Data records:
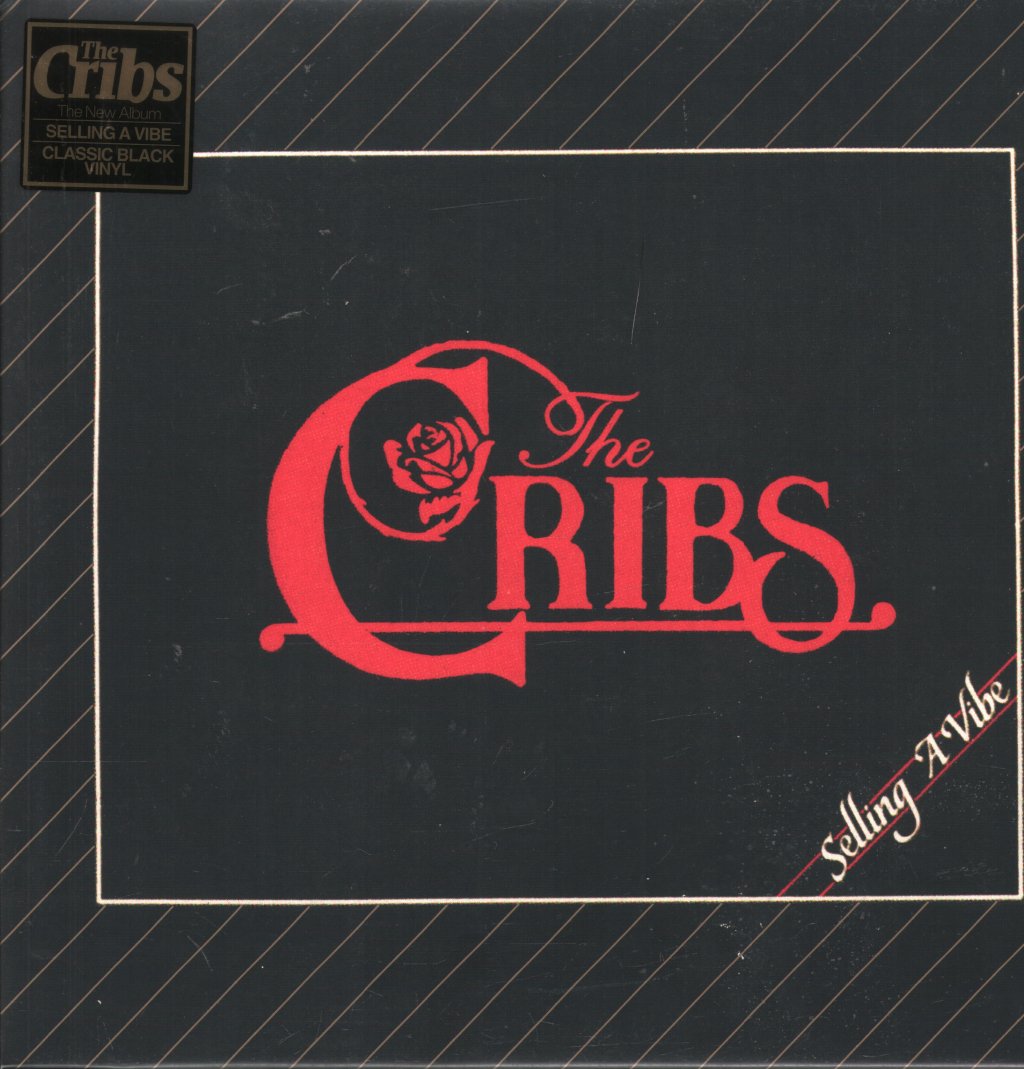 Cribs - Selling A Vibe - Lp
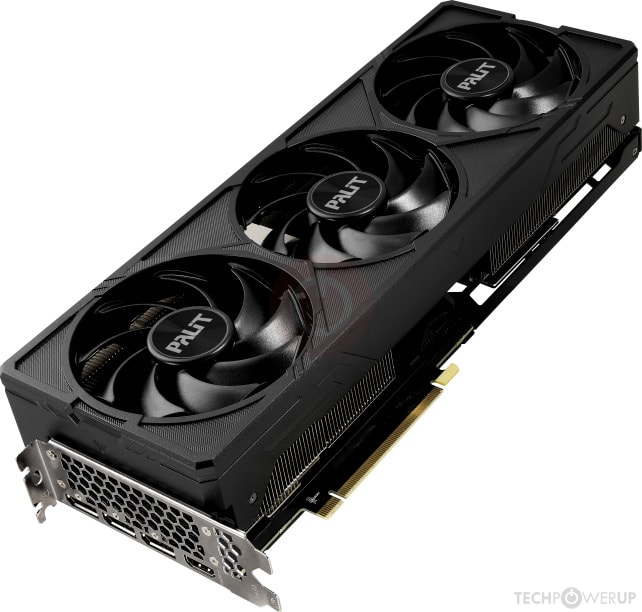 Palit RTX 4070 SUPER JetStream OC Specs | TechPowerUp GPU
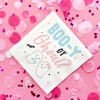 Big Dot of Happiness Boo-y or Ghoul Party Napkins, Halloween Gender Reveal Party Decor, White 3-Ply Paper Luncheon Napkins - 24 Count - 2 of 4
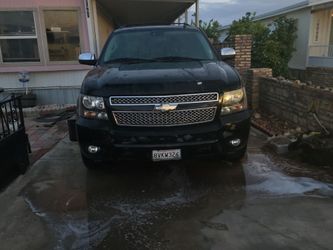 2008 Chevrolet Suburban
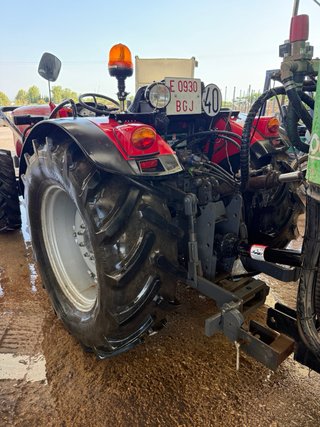Tractor Massey Ferguson Frutero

--- Instructions to follow ---
Could you set down, exactly as written, every line from the start of the records above through the line containing "2008 Chevrolet Suburban", leaving the pictures out?

--- Result below ---
 Cribs - Selling A Vibe - Lp
 Palit RTX 4070 SUPER JetStream OC Specs | TechPowerUp GPU
 Big Dot of Happiness Boo-y or Ghoul Party Napkins, Halloween Gender Reveal Party Decor, White 3-Ply Paper Luncheon Napkins - 24 Count - 2 of 4
 2008 Chevrolet Suburban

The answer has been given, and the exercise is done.